--- Material to process Enclosed Below ---

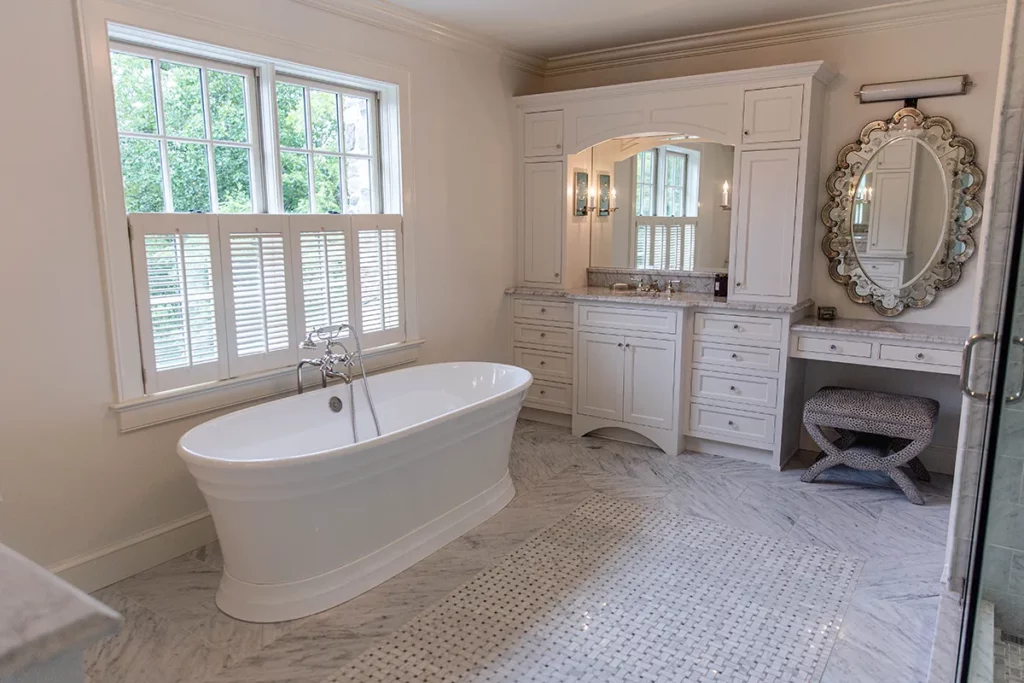 venetian style bathroom remodel with marble tile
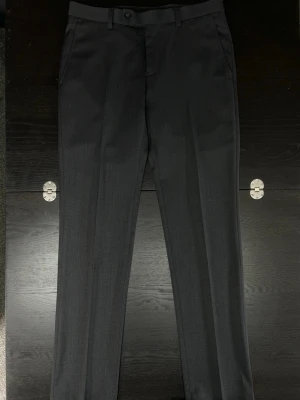 Kostymbyxor W30 L32 - Mörkgråa kostymbyxor fran dressman, storlek W30 L32 slim-fit. Mycket bra skick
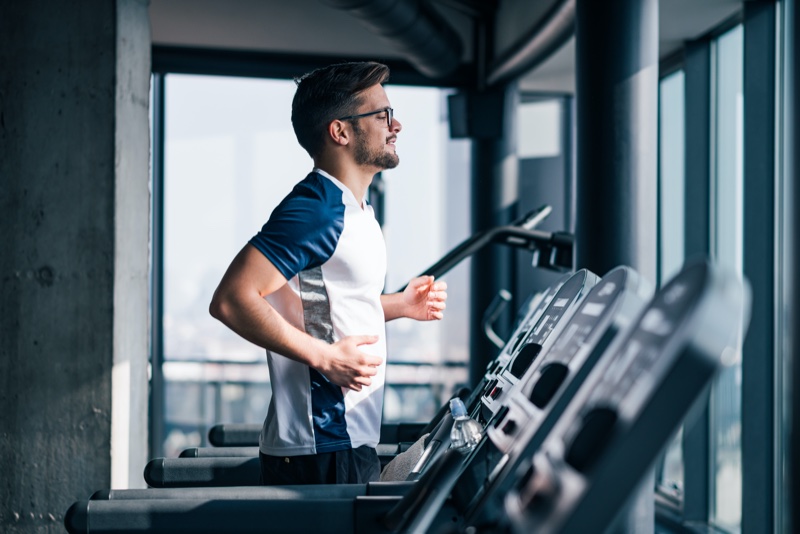 Attractive Man Running Treadmill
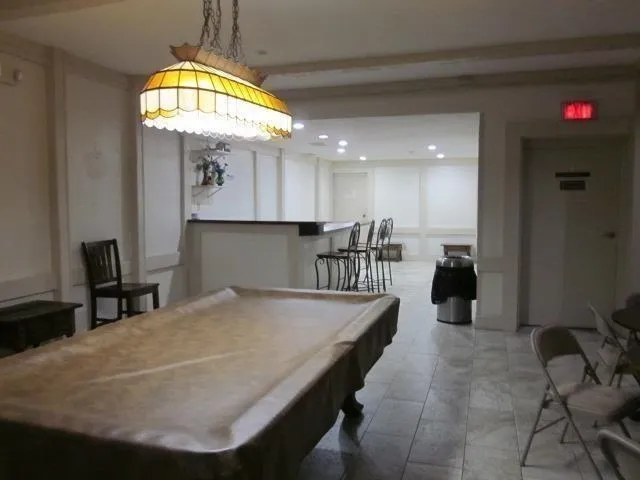 a room with gym equipment and windows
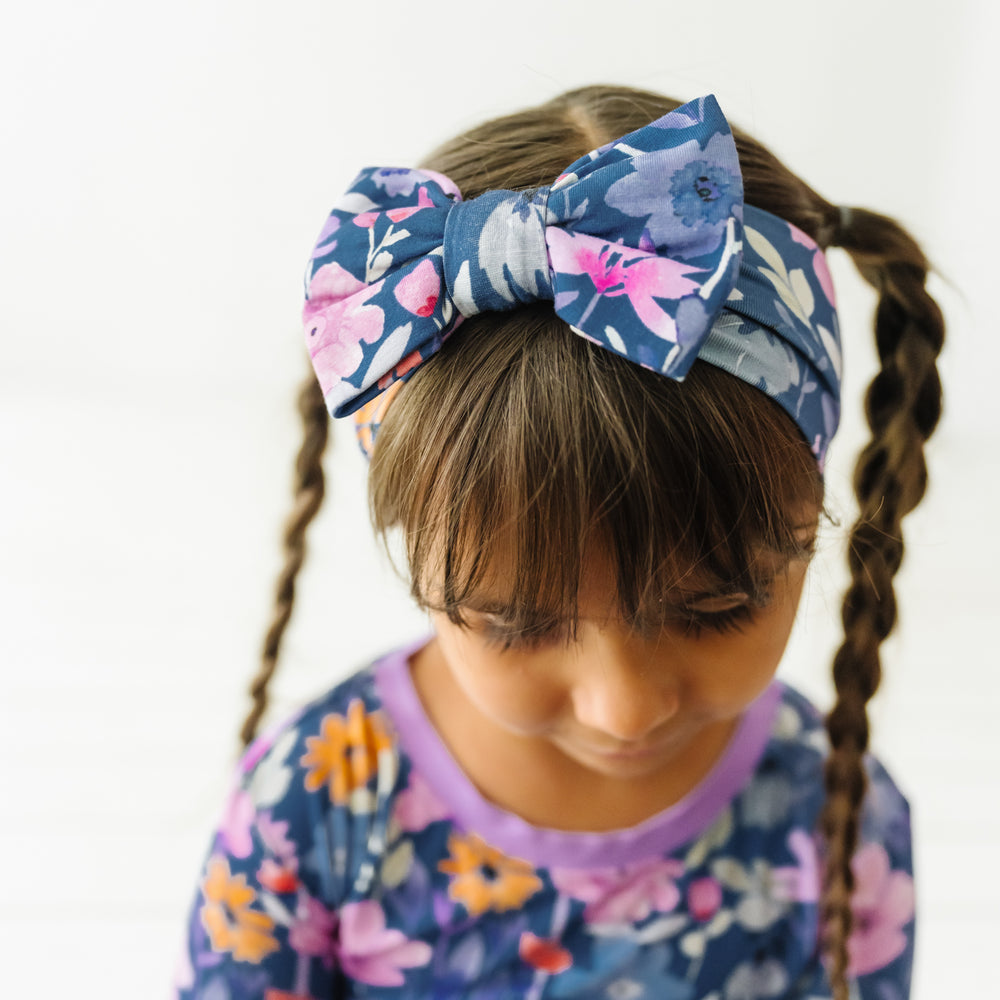 Close up image of a child wearing Dusk Blooms luxe bow headband with a matching Dusk Blooms two piece pajama set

--- End of Enclosed Material to process ---

▶ **Your instructions**: Retype all the records exactly and keep out every picture.

▶ **Task solution**:
 venetian style bathroom remodel with marble tile
 Kostymbyxor W30 L32 - Mörkgråa kostymbyxor fran dressman, storlek W30 L32 slim-fit. Mycket bra skick
 Attractive Man Running Treadmill
 a room with gym equipment and windows
 Close up image of a child wearing Dusk Blooms luxe bow headband with a matching Dusk Blooms two piece pajama set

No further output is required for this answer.